Deprecated since version Use: add()
- add_annotations(annotations)[source]
Adds several annotations at once to this CAS.
- Parameters:
annotations (
Iterable
[FeatureStructure
]) – An iterable of annotations to add.
Deprecated since version Use: add_all()
- create_view(name, xmiID=None, sofaNum=None)[source]
Create a view and its underlying Sofa (subject of analysis).
- Parameters:
name (
str
) – The name of the view. This is the same as the associated Sofa name.xmiID (
Optional
[int
]) – If specified, use this XMI id instead of generating a new one.sofaNum (
Optional
[int
]) – If specified, use this sofaNum instead of generating a new one.
- Return type:
- Returns:
The newly created view.
- Raises:
ValueError – If a view with name already exists.
- property document_language: str
The document language contains the language code for the document.
Returns: The document language.
- get_covered_text(annotation)[source]
Gets the text that is covered by annotation.
- Parameters:
annotation (
FeatureStructure
) – The annotation whose covered text is to be retrieved.- Return type:
str
- Returns:
The text covered by annotation
Deprecated since version Use: annotation.get_covered_text()

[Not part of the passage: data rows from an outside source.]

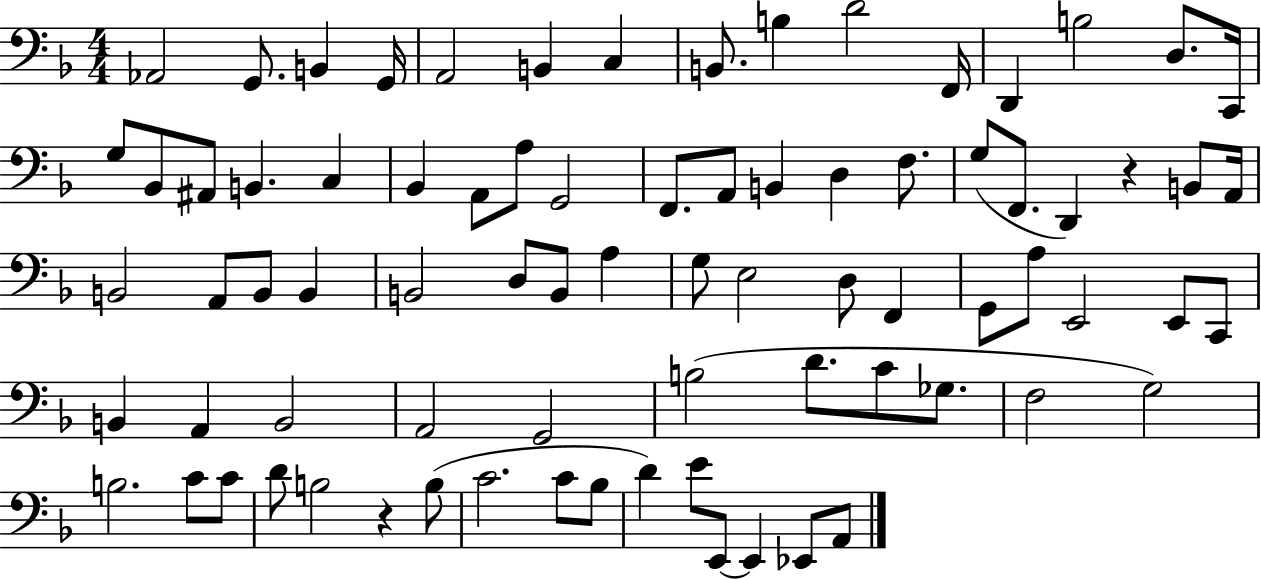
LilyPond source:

{
  \clef bass
  \numericTimeSignature
  \time 4/4
  \key f \major
  \repeat volta 2 { aes,2 g,8. b,4 g,16 | a,2 b,4 c4 | b,8. b4 d'2 f,16 | d,4 b2 d8. c,16 | \break g8 bes,8 ais,8 b,4. c4 | bes,4 a,8 a8 g,2 | f,8. a,8 b,4 d4 f8. | g8( f,8. d,4) r4 b,8 a,16 | \break b,2 a,8 b,8 b,4 | b,2 d8 b,8 a4 | g8 e2 d8 f,4 | g,8 a8 e,2 e,8 c,8 | \break b,4 a,4 b,2 | a,2 g,2 | b2( d'8. c'8 ges8. | f2 g2) | \break b2. c'8 c'8 | d'8 b2 r4 b8( | c'2. c'8 bes8 | d'4) e'8 e,8~~ e,4 ees,8 a,8 | \break } \bar "|."
}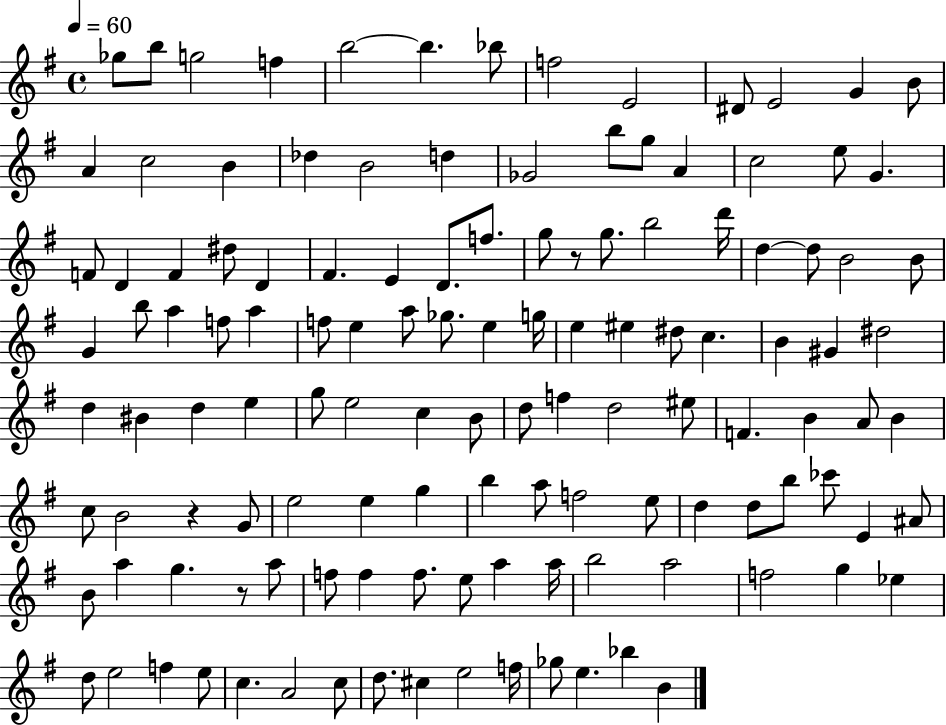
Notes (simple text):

Gb5/e B5/e G5/h F5/q B5/h B5/q. Bb5/e F5/h E4/h D#4/e E4/h G4/q B4/e A4/q C5/h B4/q Db5/q B4/h D5/q Gb4/h B5/e G5/e A4/q C5/h E5/e G4/q. F4/e D4/q F4/q D#5/e D4/q F#4/q. E4/q D4/e. F5/e. G5/e R/e G5/e. B5/h D6/s D5/q D5/e B4/h B4/e G4/q B5/e A5/q F5/e A5/q F5/e E5/q A5/e Gb5/e. E5/q G5/s E5/q EIS5/q D#5/e C5/q. B4/q G#4/q D#5/h D5/q BIS4/q D5/q E5/q G5/e E5/h C5/q B4/e D5/e F5/q D5/h EIS5/e F4/q. B4/q A4/e B4/q C5/e B4/h R/q G4/e E5/h E5/q G5/q B5/q A5/e F5/h E5/e D5/q D5/e B5/e CES6/e E4/q A#4/e B4/e A5/q G5/q. R/e A5/e F5/e F5/q F5/e. E5/e A5/q A5/s B5/h A5/h F5/h G5/q Eb5/q D5/e E5/h F5/q E5/e C5/q. A4/h C5/e D5/e. C#5/q E5/h F5/s Gb5/e E5/q. Bb5/q B4/q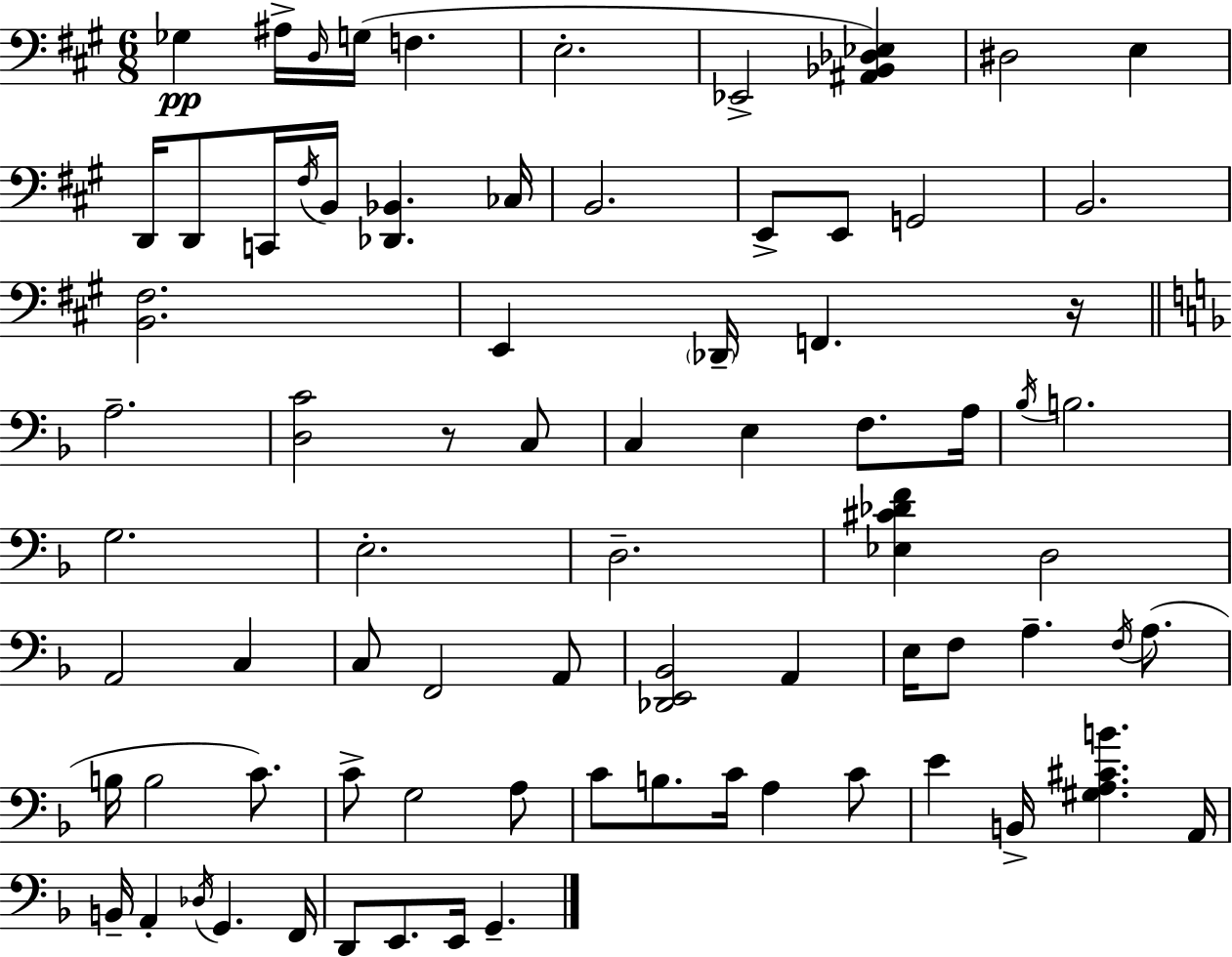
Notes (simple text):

Gb3/q A#3/s D3/s G3/s F3/q. E3/h. Eb2/h [A#2,Bb2,Db3,Eb3]/q D#3/h E3/q D2/s D2/e C2/s F#3/s B2/s [Db2,Bb2]/q. CES3/s B2/h. E2/e E2/e G2/h B2/h. [B2,F#3]/h. E2/q Db2/s F2/q. R/s A3/h. [D3,C4]/h R/e C3/e C3/q E3/q F3/e. A3/s Bb3/s B3/h. G3/h. E3/h. D3/h. [Eb3,C#4,Db4,F4]/q D3/h A2/h C3/q C3/e F2/h A2/e [Db2,E2,Bb2]/h A2/q E3/s F3/e A3/q. F3/s A3/e. B3/s B3/h C4/e. C4/e G3/h A3/e C4/e B3/e. C4/s A3/q C4/e E4/q B2/s [G#3,A3,C#4,B4]/q. A2/s B2/s A2/q Db3/s G2/q. F2/s D2/e E2/e. E2/s G2/q.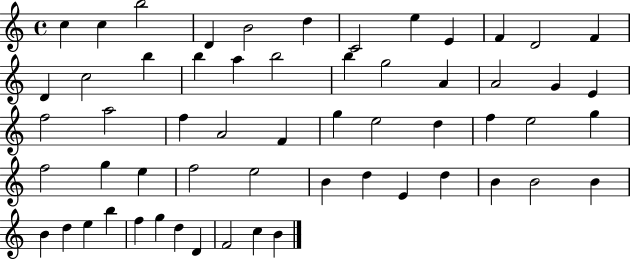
X:1
T:Untitled
M:4/4
L:1/4
K:C
c c b2 D B2 d C2 e E F D2 F D c2 b b a b2 b g2 A A2 G E f2 a2 f A2 F g e2 d f e2 g f2 g e f2 e2 B d E d B B2 B B d e b f g d D F2 c B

- get_document_annotation()[source]
Get the DocumentAnnotation feature structure associated with this CAS view. If none exists, one is created.
- Return type:
FeatureStructure
- Returns:
The DocumentAnnotation associated with this CAS view.
- get_sofa()[source]
Get the Sofa feature structure associated with this CAS view.
- Return type:
- Returns:
The sofa associated with this CAS view.
- get_view(name)[source]
Gets an existing view.
- Parameters:
name (
str
) – The name of the view. This is the same as the associated Sofa name.- Return type:
- Returns:
The view corresponding to name
- remove(annotation)[source]
Removes an annotation from an index. This throws if the annotation was not present.
- Parameters:
annotation (
FeatureStructure
) – The annotation to remove.
- remove_annotation(annotation)[source]
Removes an annotation from an index. This throws if the annotation was not present.
- Parameters:
annotation (
FeatureStructure
) – The annotation to remove.
Deprecated since version Use: remove()
- select(type_)[source]
Finds all annotations of type type_name.
- Parameters:
type – The type or name of the type name whose annotation instances are to be found
- Return type:
List
[FeatureStructure
]- Returns:
A list of all feature structures of type type_name
- select_all()[source]
Finds all feature structures in this Cas
- Return type:
List
[FeatureStructure
]- Returns:
A list of all annotations in this Cas
- select_covered(type_, covering_annotation)[source]
Returns a list of covered annotations.
Return all annotations that are covered
Only returns annotations that are fully covered, overlapping annotations are ignored.
- Parameters:
type – The type or name of the type name whose annotation instances are to be found
covering_annotation (
FeatureStructure
) – The name of the annotation which covers
- Return type:
List
[FeatureStructure
]- Returns:
A list of covered annotations
- select_covering(type_, covered_annotation)[source]
Returns a list of annotations that cover the given annotation.
Return all annotations that are covering. This can be potentially be slow.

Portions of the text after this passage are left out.